- [Action item]: Output the lines of the records below exactly, beginning at their first line and ending at the line with "Hi one and all."; include no pictures.

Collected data
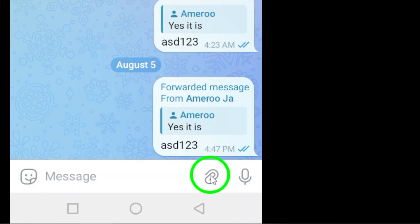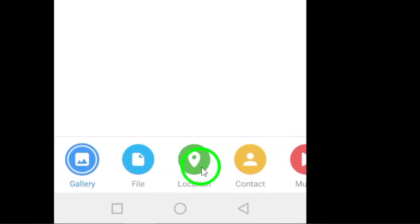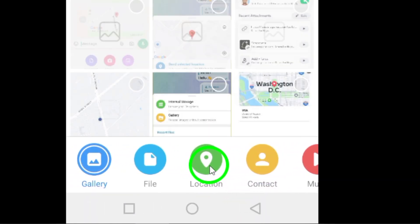Next, tap on the attachment icon, which looks like a paperclip and is located next to the message input field. This will open up a menu of different file types you can send.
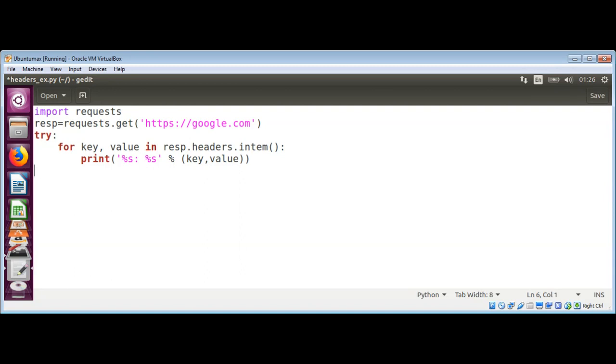And now our except block to catch exceptions. And we can also print there.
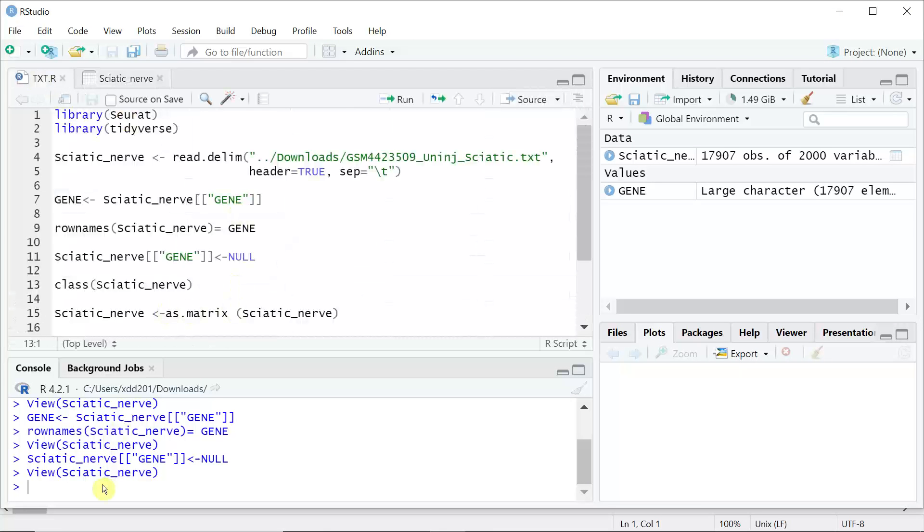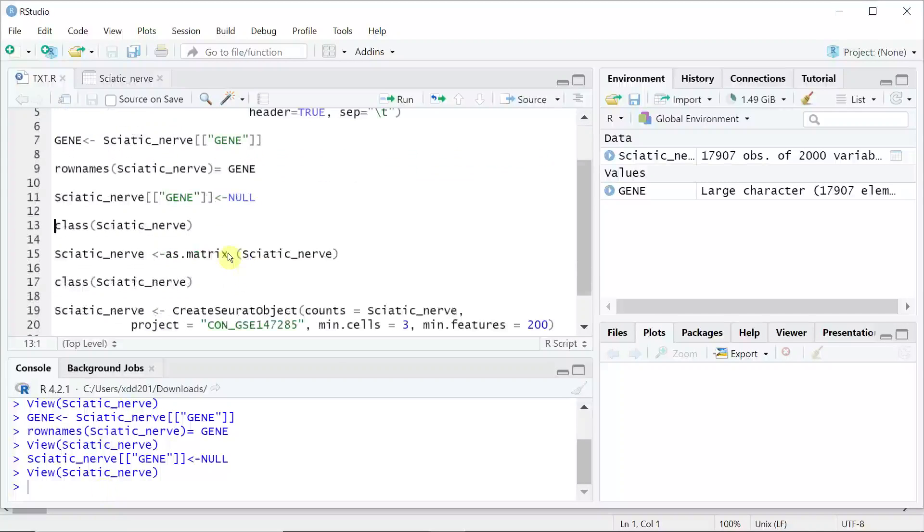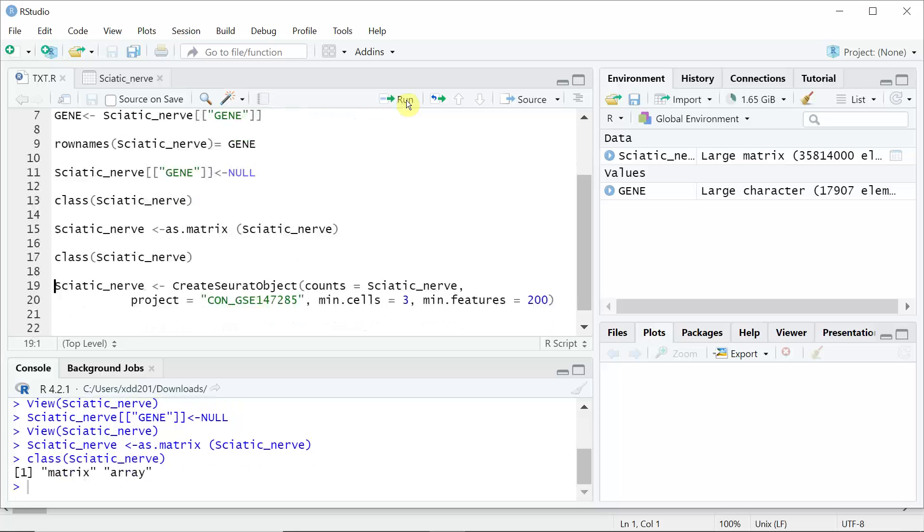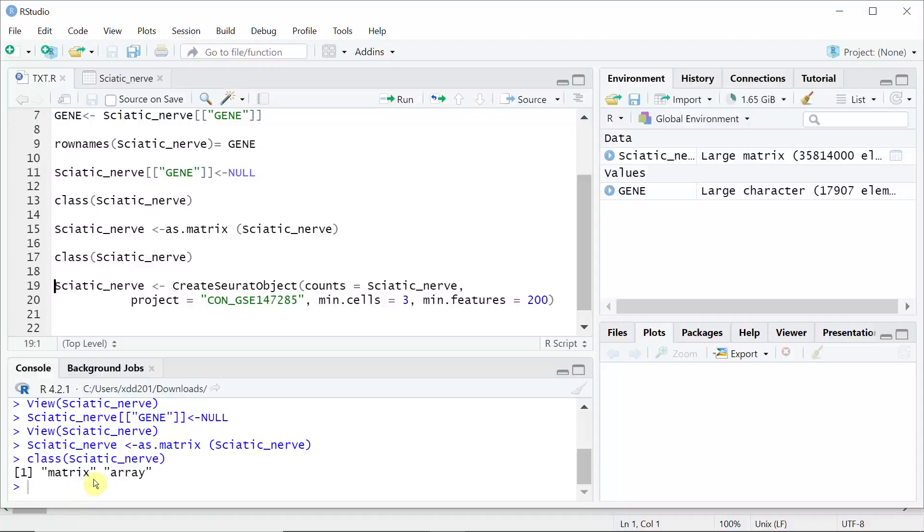At the moment it's a data frame. We can use the function as.matrix to change the property of the data frame. If we run this function and have a look at the class sciatic_nerve again, you can see now it is a matrix.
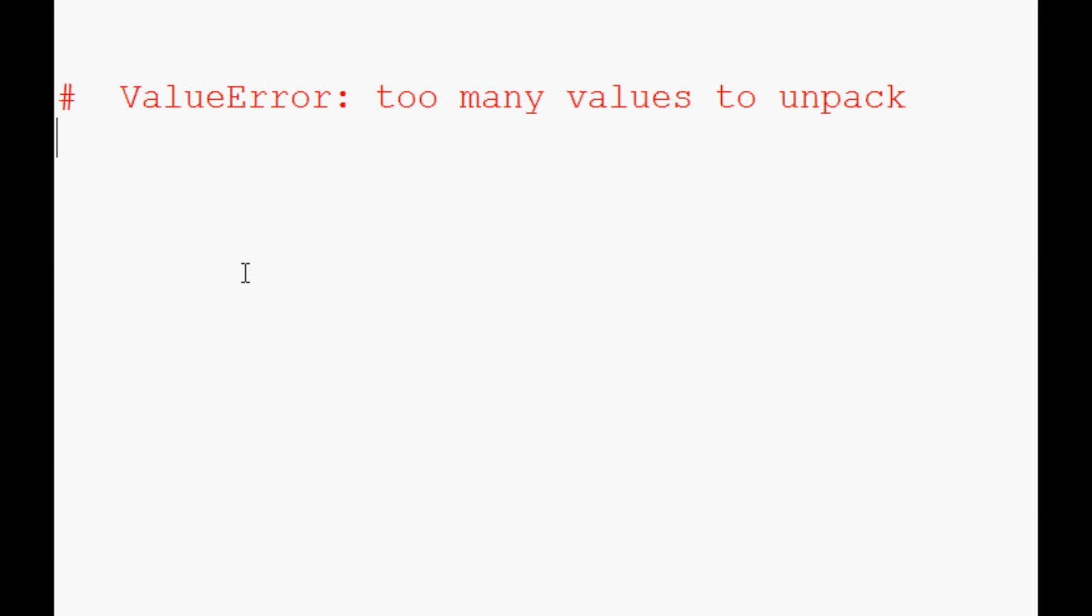Hello everybody, welcome to another Python video tutorial. In this video we're going to be talking about this ValueError: too many values to unpack. What is it, what do we do to get this, and what do we do about it? The easiest thing to show you is just by example.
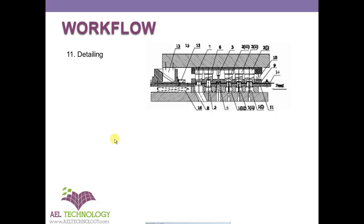This is the workflow that a designer generally follows in progressive die design.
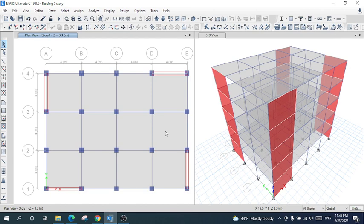Hi one and all. In this tutorial we are going to talk about how to create fiber hinges for beams, columns, and shear walls in ETABS. This is a structure I have designed; I have assigned beam, column, shear wall, slabs, and other required properties. Now I just want to create a fiber hinge for beams, columns, and shear walls.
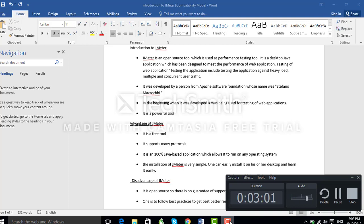Advantages of JMeter: it is a free tool — there is no license fee for installing or using it, and it is open source. Second, it supports many protocols, meaning it supports many server types using different protocols, which we will understand better in coming sections. Third, it is a 100% Java-based application, which allows it to run on any operating system.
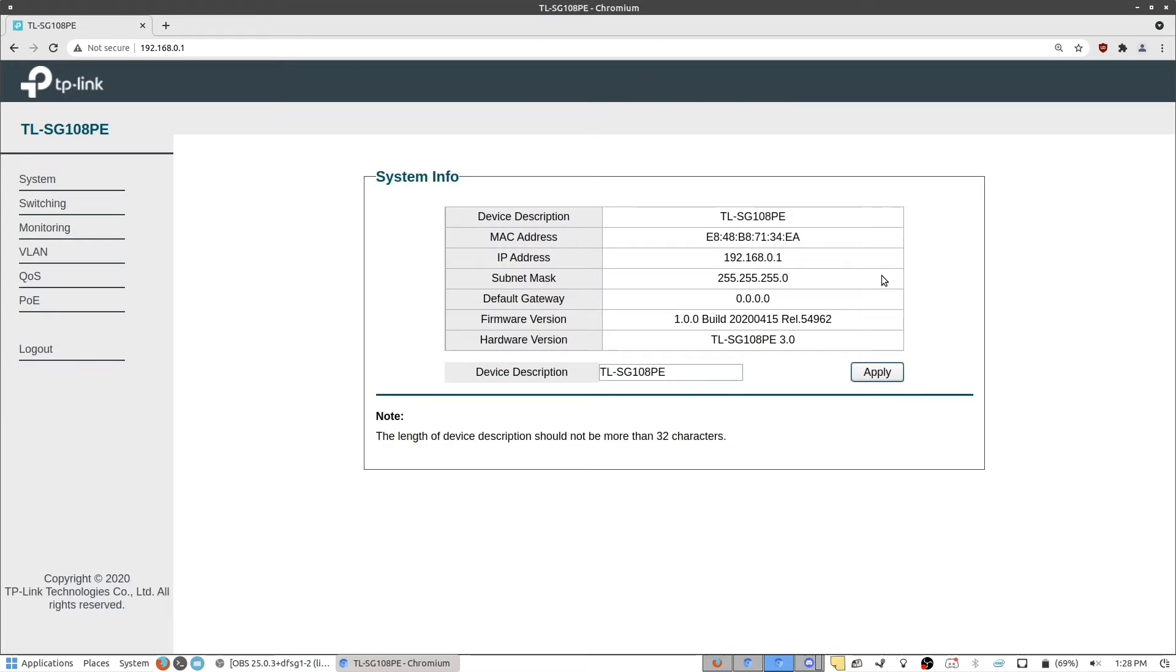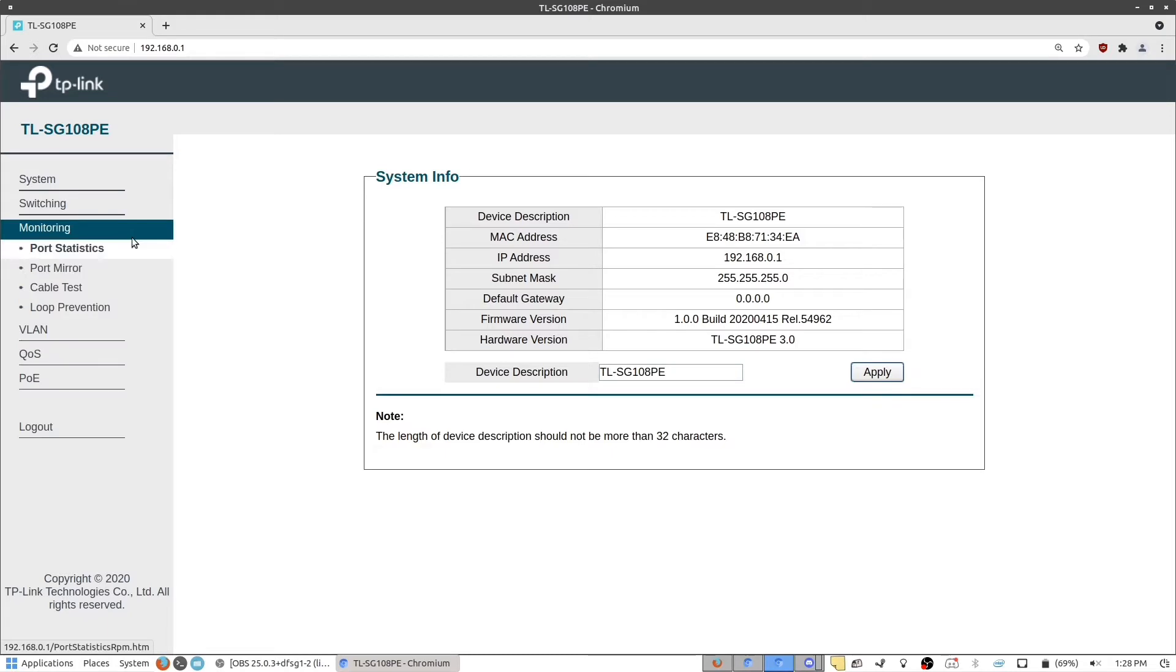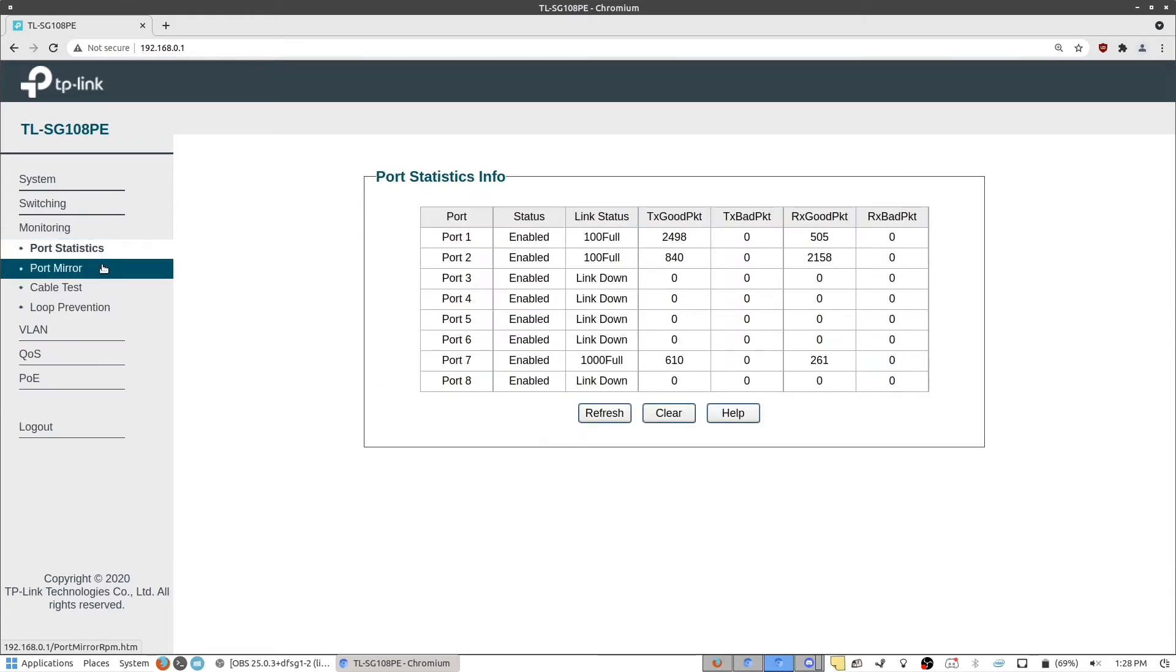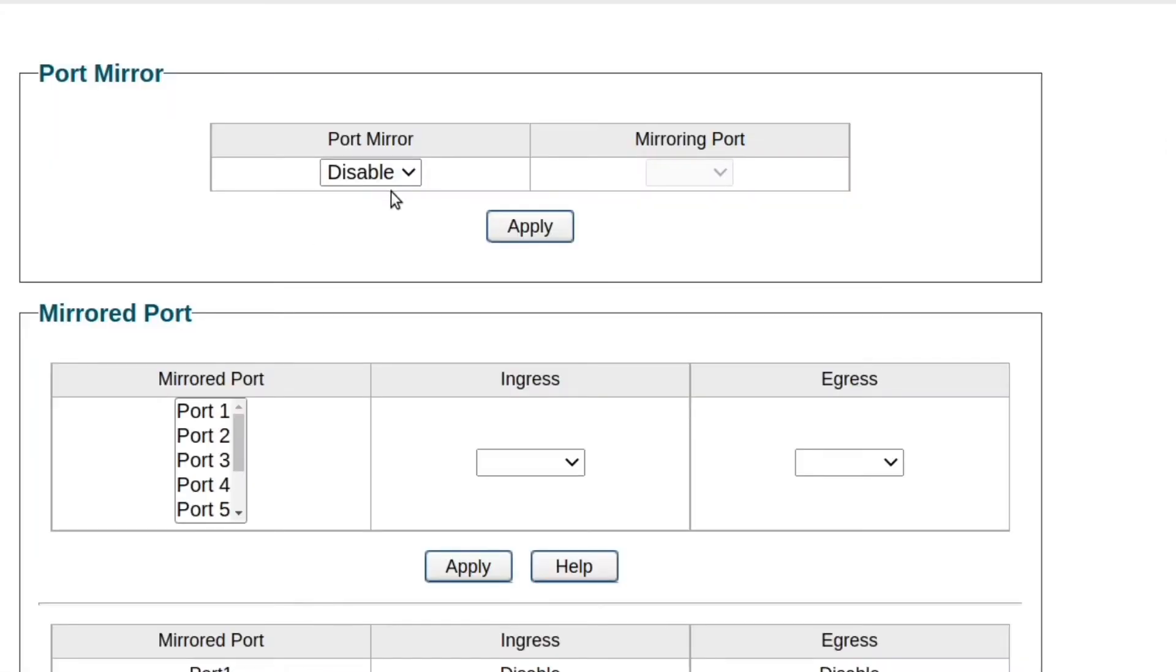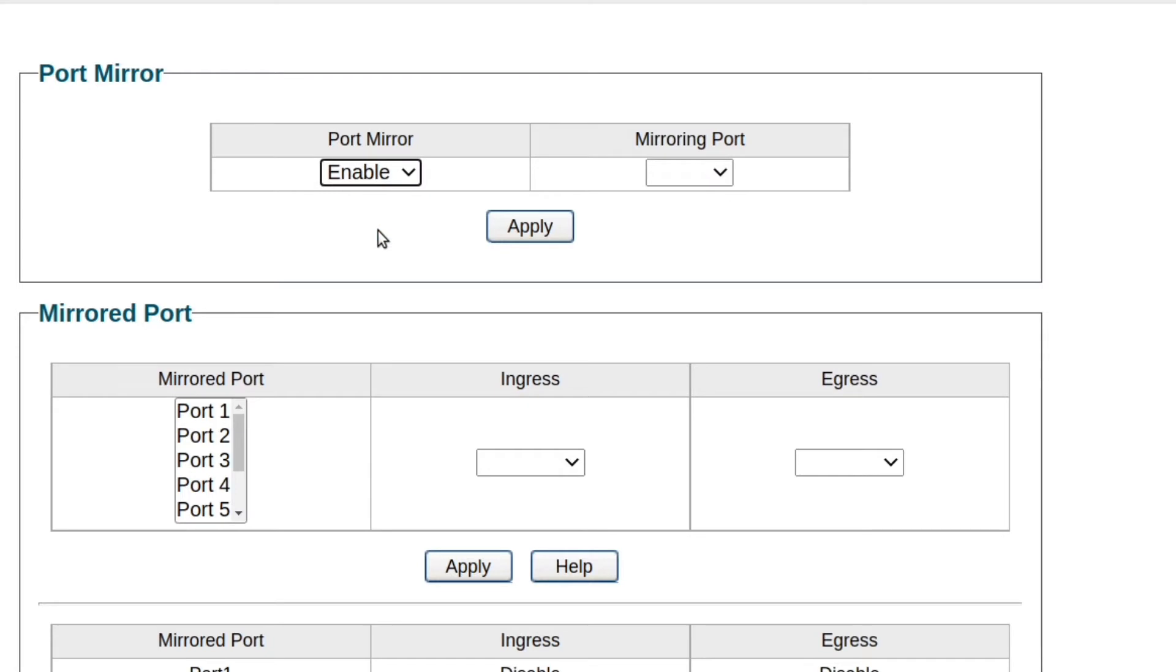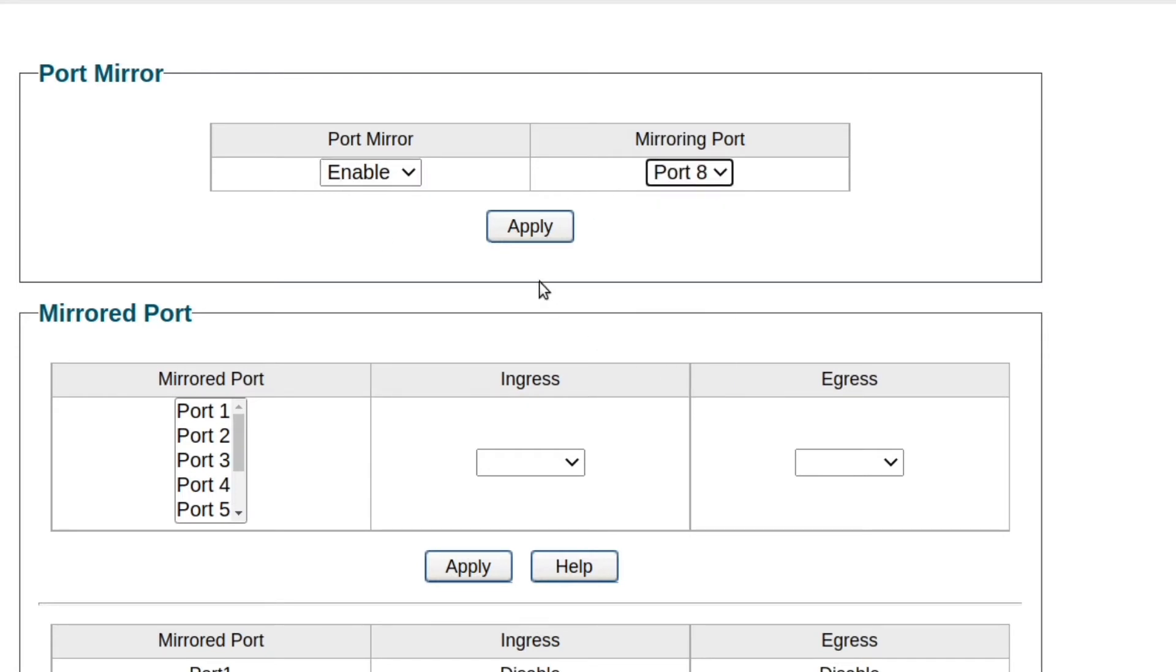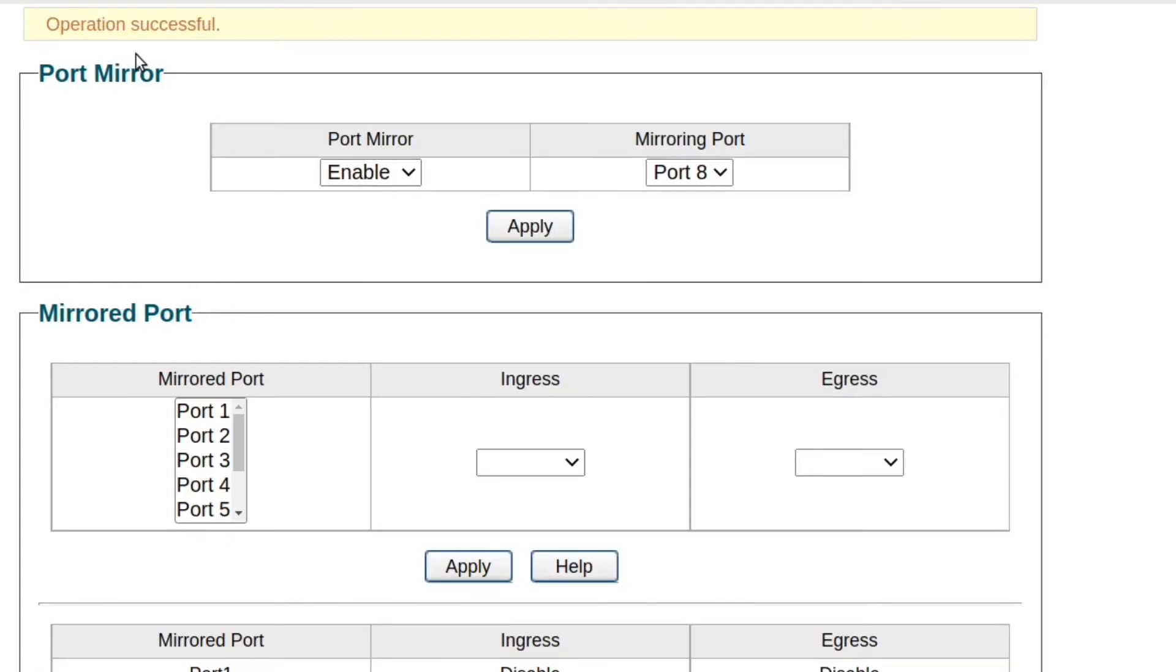And from here, what we want to do is go to monitoring, and then port mirror. At the top here, you can see you have the port mirror option, and right now it's disabled. So we want to go and select that to enable, and then select port 8 as our mirroring port. Click apply. You'll see at the top, our operation is successful. That just means that port mirroring is now enabled, but it's not actually set up yet.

- [Response area]:
Next, tap on the attachment icon, which looks like a paperclip and is located next to the message input field. This will open up a menu of different file types you can send.
And now our except block to catch exceptions. And we can also print there.
At the moment it's a data frame. We can use the function as.matrix to change the property of the data frame. If we run this function and have a look at the class sciatic_nerve again, you can see now it is a matrix.
Hello everybody, welcome to another Python video tutorial. In this video we're going to be talking about this ValueError: too many values to unpack. What is it, what do we do to get this, and what do we do about it? The easiest thing to show you is just by example.
This is the workflow that a designer generally follows in progressive die design.
Hi one and all. In this tutorial we are going to talk about how to create fiber hinges for beams, columns, and shear walls in ETABS. This is a structure I have designed; I have assigned beam, column, shear wall, slabs, and other required properties. Now I just want to create a fiber hinge for beams, columns, and shear walls.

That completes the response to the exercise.